Losing your job is hard enough. Your missing income hurts not just your pride, but also your bottom line. While it might feel counterintuitive to pay an unemployment attorney when you’re already short on cash, it could, in fact, be a great decision.

Unemployment paperwork might seem very simple and straightforward. In some states, you can even do the paperwork online. While each state requires differing information, all states require basic information like name, date of birth, and work history. You also have to give a reason for your unemployment. If you have been unemployed through no fault of your own, the state will quickly process the form, and you should begin receiving your benefits within a few weeks. However, there are several reasons why you might want to contact an unemployment attorney in order to gain access to your benefits.

Your Benefits Are Improperly Denied

If you have already been denied benefits, you have the right to appeal the decision. You have to file the appeal in writing and then attend a hearing. You may be able to phone into the hearing, but your presence is still the only way for the state to hear your side of it. A lawyer can help you prepare all the documents for the hearing. Correctly prepared documents can make the difference between winning the appeal and losing it.

You Were Fired

Unemployment is for those who are out of a job through no fault of their own. That means if you leave voluntarily or if you were fired for a serious reason, you won’t be eligible. In order to determine if your reasons for leaving a job qualify you for benefits, you must fill out paperwork and attend a hearing. How your facts are presented to the panel will determine whether or not you are able to receive benefits. Your unemployment attorney can help you fill out the paperwork appropriately and present your case effectively in order to help you gain access to the benefits you need.
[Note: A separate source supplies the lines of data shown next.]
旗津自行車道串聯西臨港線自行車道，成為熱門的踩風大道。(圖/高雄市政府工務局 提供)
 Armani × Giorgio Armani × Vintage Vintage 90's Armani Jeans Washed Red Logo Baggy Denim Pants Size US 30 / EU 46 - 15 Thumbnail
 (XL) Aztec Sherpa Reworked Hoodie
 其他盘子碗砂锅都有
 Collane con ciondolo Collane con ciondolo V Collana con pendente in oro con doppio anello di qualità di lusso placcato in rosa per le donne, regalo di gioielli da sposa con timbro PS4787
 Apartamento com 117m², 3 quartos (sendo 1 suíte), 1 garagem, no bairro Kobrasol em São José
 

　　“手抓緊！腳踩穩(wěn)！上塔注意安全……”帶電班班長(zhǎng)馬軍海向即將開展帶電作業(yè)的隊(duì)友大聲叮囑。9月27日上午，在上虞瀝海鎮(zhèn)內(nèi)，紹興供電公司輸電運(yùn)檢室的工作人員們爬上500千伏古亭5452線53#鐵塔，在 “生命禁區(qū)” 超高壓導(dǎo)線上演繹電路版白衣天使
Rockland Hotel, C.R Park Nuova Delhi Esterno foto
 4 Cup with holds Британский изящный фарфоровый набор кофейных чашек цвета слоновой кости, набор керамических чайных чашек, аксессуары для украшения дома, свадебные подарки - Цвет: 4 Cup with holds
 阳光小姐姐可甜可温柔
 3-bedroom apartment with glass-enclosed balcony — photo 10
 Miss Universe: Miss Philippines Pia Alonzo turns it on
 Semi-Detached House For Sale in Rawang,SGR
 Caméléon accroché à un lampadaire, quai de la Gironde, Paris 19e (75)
You Have Legal Claims Against Your Former Employer

There are times in which you may have a legal claim against the employer who released you from your job. If your legal rights have been violated by this employer, a lawyer can help you bring a suit against him or her. Some examples include being laid off due to race, gender, or sexual orientation. Other reasons to bring a suit against your former employer may include being fired for reporting violations of health and safety codes to the appropriate authorities. An unemployment attorney can look at the facts of your case and determine if you have enough evidence to proceed with a suit against a former employer. If the case is good, not only can a lawyer help file for state benefits but they can also help prep any other civil suit you may want to bring against the company.